選ばれた男 / Man of Distinction / Thrilling Wonder Stories 1951年2月
 アル・ハンリーは飲んだくれのロクデナシだ。有り金は使い尽くし、あらゆる友人知人に金を借りまくって酒代につぎ込んだ。一晩だって酒を切らせたら、地獄の恐怖に襲われる。だが、彼は偉大なことを成し遂げた。
 四六時中、飲んだくれて酔っぱらっているアルの、支離滅裂で無茶苦茶な屁理屈が楽しい作品。まったく、酔っ払いって奴はw
入れ替わり★ / The Switcheroo / Other Worlds Science Stories 1951年3月
 『グローブ』紙のオフィス。編集長のマッギーが、また怒鳴ってる。「ターキントン・パーキンズの話を聞いてこい」。嫌な奴だが、それでもボスだ。言われたとおり、ジェイクはパーキンズに取材に行く。彼は変なモノばかり作る発明家だ。最近はシロホクラ飲料を作った。酒の逆で、まず二日酔いがきて、翌朝は愉快に酔える。今は入れ替わり機が完成寸前で…
 懐かしSFの定番、世間とはズレてるけど優れた発明家が作る、ケッタイなマシンが巻き起こす騒動がテーマのドタバタ作品。
武器 / The Weapon / Astounding Science Fiction 1951年4月
 ジェームズ・グレアム博士は科学者だ。

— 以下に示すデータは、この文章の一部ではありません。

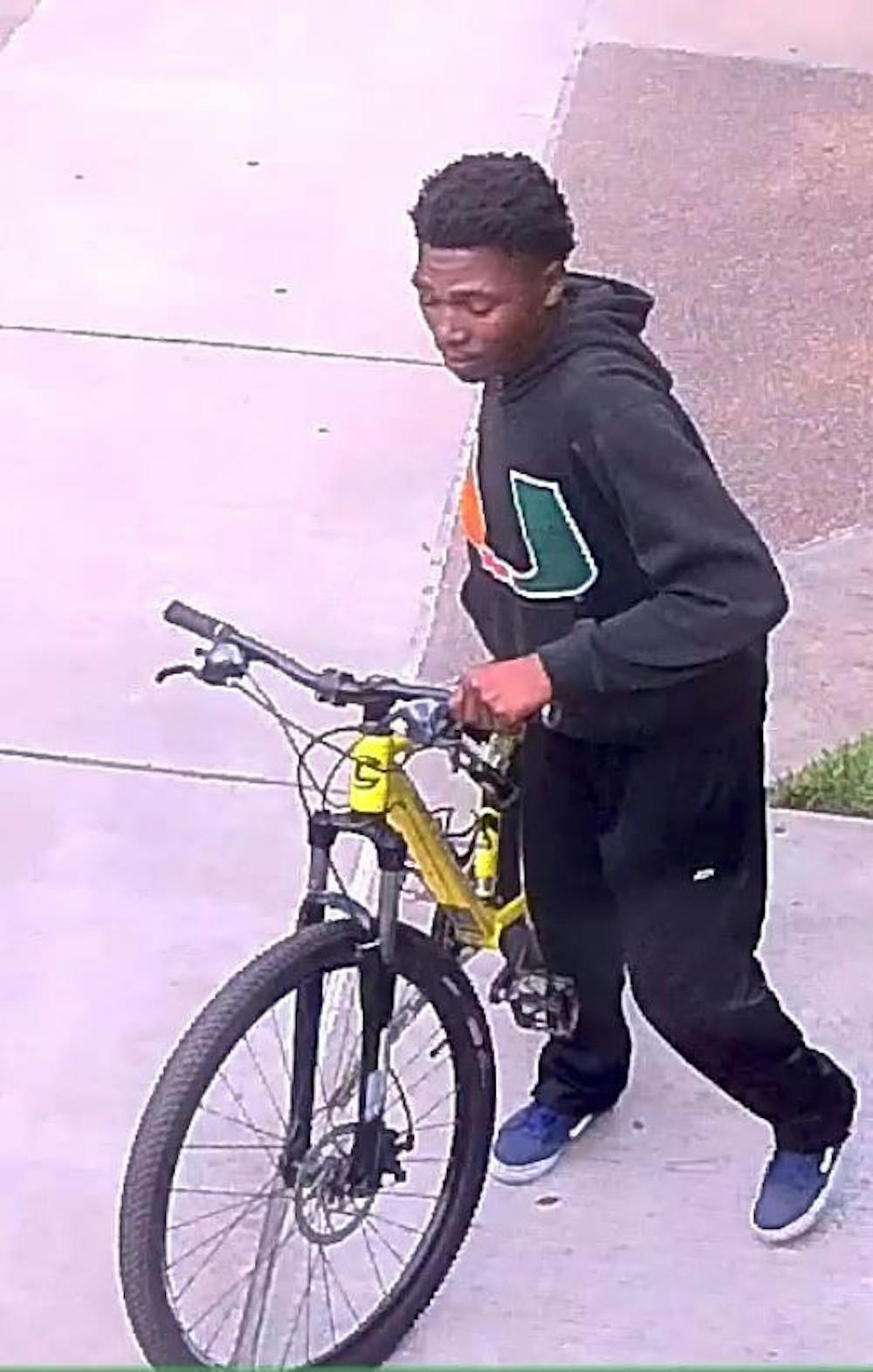 <p>An image from security camera footage shows a suspect in one of five bike thefts on campus in the past month.</p>
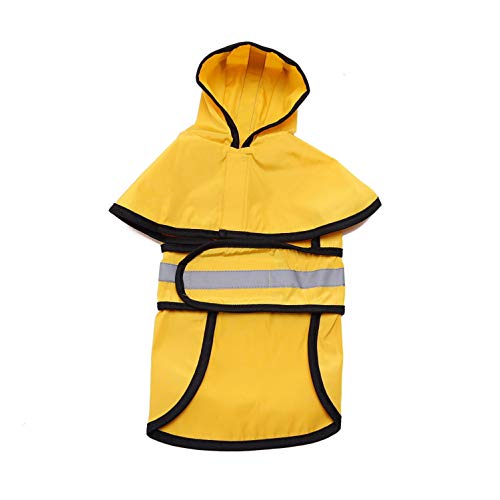 smalllee_Lucky_Store Chubasquero Impermeable para Perro con Capucha para Mascotas con Orificio para Correa,Reflectante Ligero, Ajustable Poncho para Perros pequeños, medianos y Grandes,Amarillo S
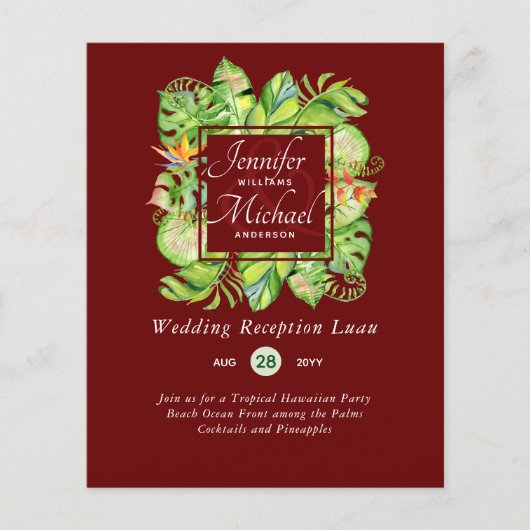 バジェット熱帯葉ルアウ(ハワイ式宴会)ウェディングレセプションインビ (正面)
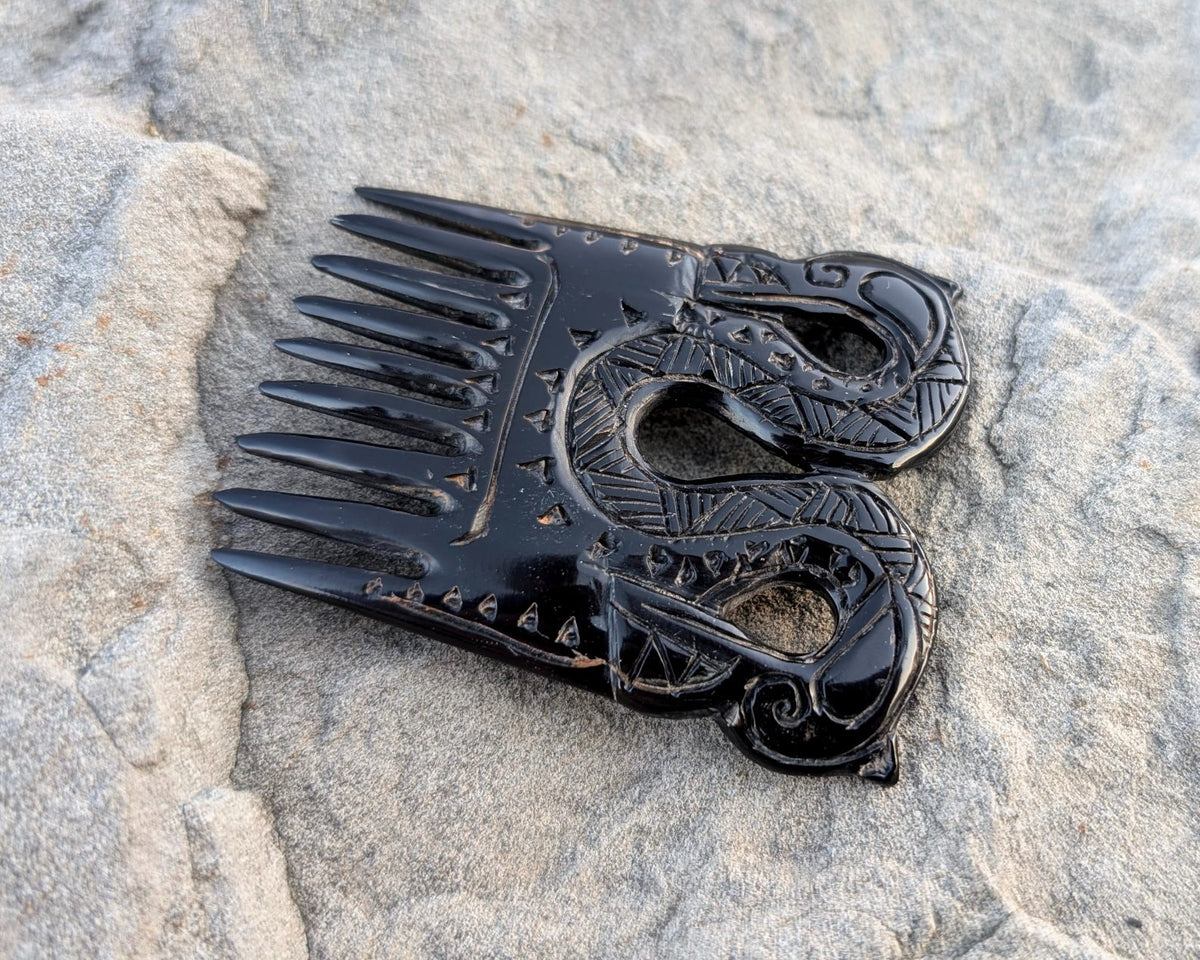 Viking Dragon Comb – Hand-Carved Black Buffalo Horn | Norse Art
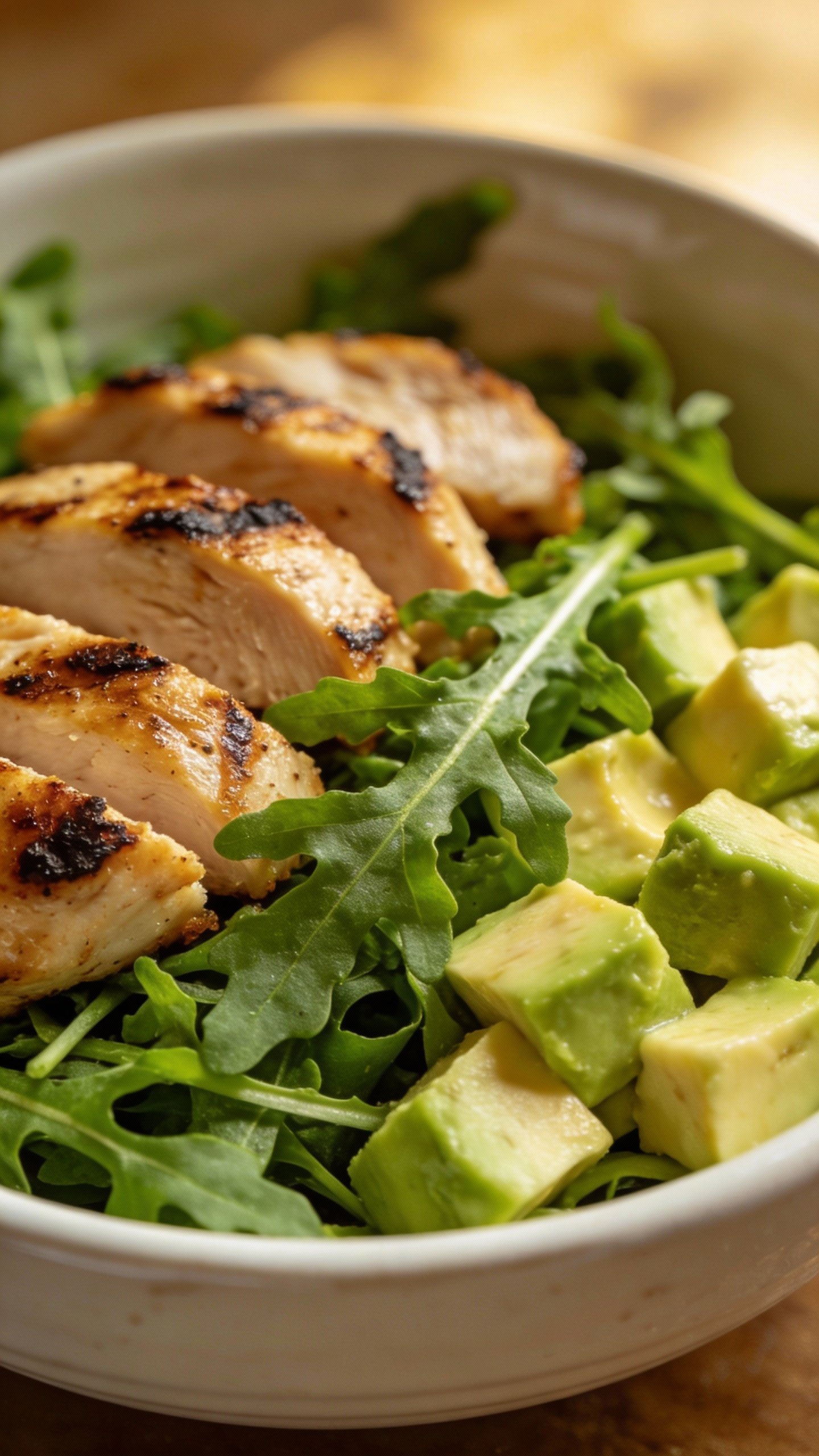 closeup keto salad bowl with grilled chicken, arugula, avocado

重要な計画を率いている。ひとり息子のハリーは15歳だが、知能の発達が遅れている。それでもグレアムはハリーを深く愛している。家でくつろいでいる時、ニーマンドと名乗る男が訪ねてきた。「あなたは人類の存続をあやうくするお仕事をなさっていますね」
 5頁の掌編ながら、いやだからこそ、オチのキレは鋭い。「地獄のハネムーン」「スポンサーからひとこと」同様に、東西冷戦の影が色濃い作品。

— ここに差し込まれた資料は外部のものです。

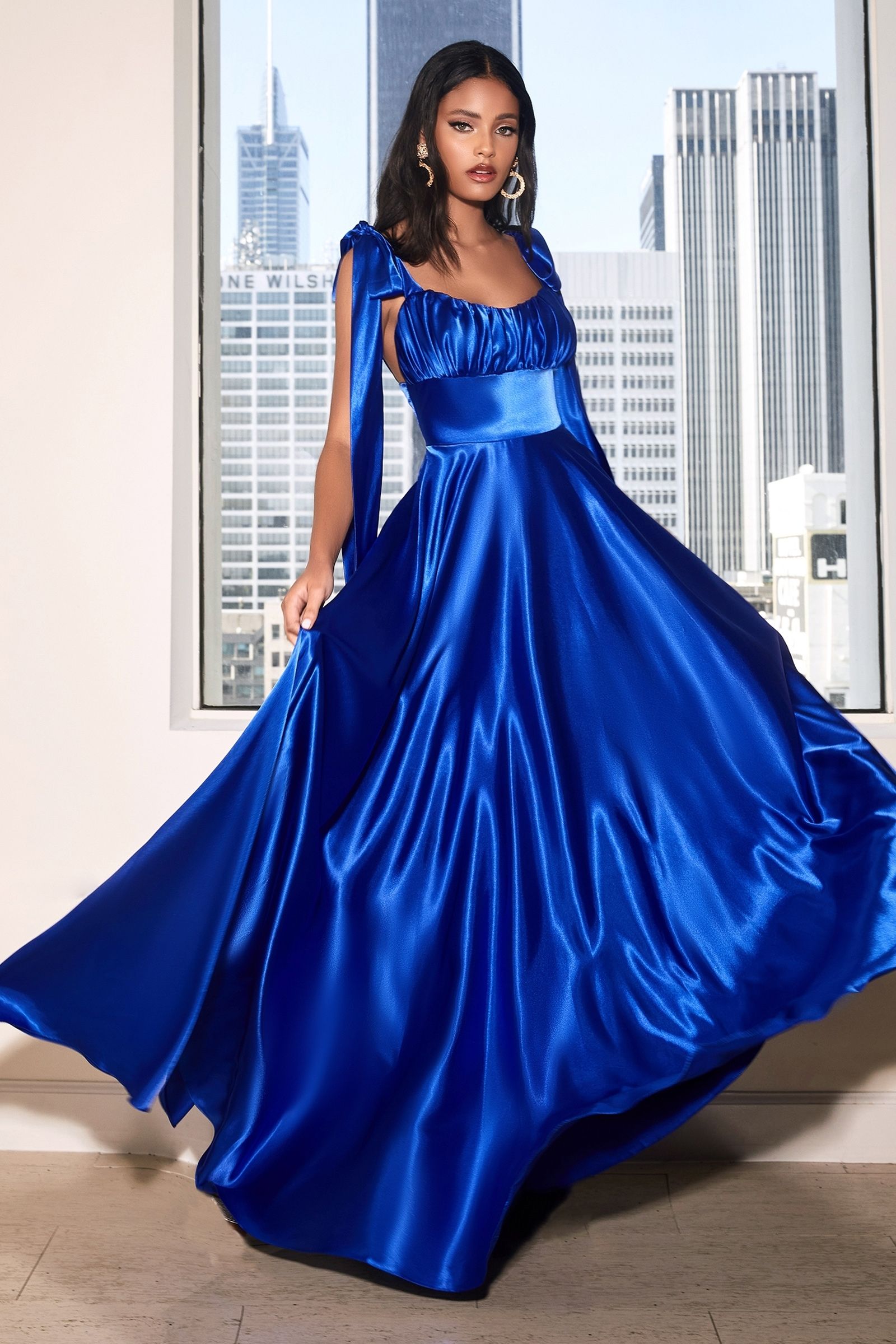 Soft satin A-line CD7490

漫画家★ / Cartoonist / Planet Stories 1951年5月
 ちかごろ一コマ漫画家ビル・キャリガンの景気は悪い。が、この日のネタはイケた。おぞましいエイリアンの話だ。報酬もよかった。さっそくブランデーを買い込み祝いのグラスをあけたとき、それが起きた。ビルが描いたエイリアンそっくりの怪物が現れたのだ。
 冒頭でアメリカの漫画の制作過程がわかる。どうも日本とは大きく違うらしい(→「有害コミック撲滅!」)。こういう、文化や社会の違いがわかるのも、翻訳物ならではの楽しみだ。ブラウンもネタを提供したんだろうか。
 ジョン・ヴァーリーの八世界シリーズやP.K.ディックの作品でもよく使われるネタだ。ヴァーリー作品には無常観・喪失感が漂い、ディックだと足元が崩れ眩暈がするような不安定感を感じるのに対し、ブラウンはカラッと明るく仕上がっている。そんな芸風の違いもまた、小説の楽しみの一つ。
ドーム / The Dome / Thrilling Wonder Stories 1951年8月
 カイル・ブレイドンがドームに籠って30年になる。37歳のとき、ボストンが攻撃を受け壊滅し、宣戦布告がなされた。世界は滅びるだろう。この事態に備えカイルはドームを作っておいた。水爆も防げるが、外の様子はわからない。微量な電力で維持できるが、起動には莫大な電力がいる。スイッチを切れば外の様子がわかるが、再起動は無理だ。そして30年が過ぎた。
 やはり冷戦の影が濃い作品だが、今となっては究極の引き籠り生活がテーマのような気もしてくるw アッメリカには自宅に核シェルターを作る人もいて、ブラウンも自分の作品が現実になるとは思わなかっただろうなあ。
スポンサーからひとこと / A Word from Our Sponsor / Other Worlds Science Stories 1951年9月
 6月9日、世界中でソレが起きた。すべての国で、現地時間の午後8時半に。夏時間を採用している国や地域では、夏時間の8時半に。ラジオの音が途絶え、しばらくしてこんな声が響いた。「ここでスポンサーからひとこと」続いて一秒後に「戦え」。その後、いつもの番組が流れ始めた。折しも世界は冷戦のさなか、互いに先制攻撃を仕掛ける寸前だった。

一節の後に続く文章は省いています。